Nowadays dietary supplements are widespread on the market. As they are used by many people, I decided to investigate their phase composition and compare my findings with the product's declaration. I preformed X-ray powder diffraction, which involves irradiating the samples with X-rays of a specific wavelength. The analysed sample must contain crystalline matter, as the method relies on the periodic arrangement of atoms in crystals. I analysed 21 samples of dietary supplements.
To determine the phase composition, I used two software packages, X΄ pert HighScore Plus and Crystallographica Search-Match (CSM). I used X΄ pert HighScore Plus to display the recorded diffractograms and compare them based on common traits of the sample. I sorted the samples into 6 groups: based on magnesium, calcium, iron, zinc and selenium content, and samples in the form of an effervescent tablet. The CMS software package allowed me to compare the difractogram of a standard solution with the diffractogram of the sample.
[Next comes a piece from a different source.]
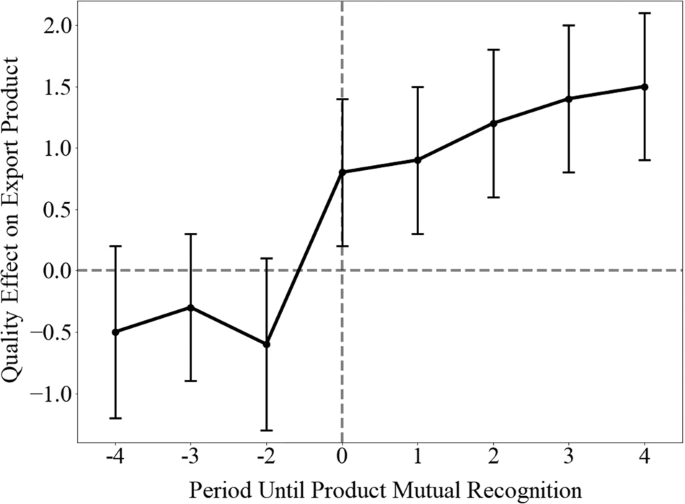 Fig. 3: Dynamic effects of the quality of agricultural exports.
Using qualitative analysis, I was able to confirm that the phase composition of most samples matches the information in the product’s declaration. I wasn't able to identify magnesium citrate, as it wasn't present in the PDF collection. I also wasn't able to identify selenium in the samples, as its quantity was too low to detect. The typical diffractogram of an amorphous substance can also be found amongst the recorded diffractograms.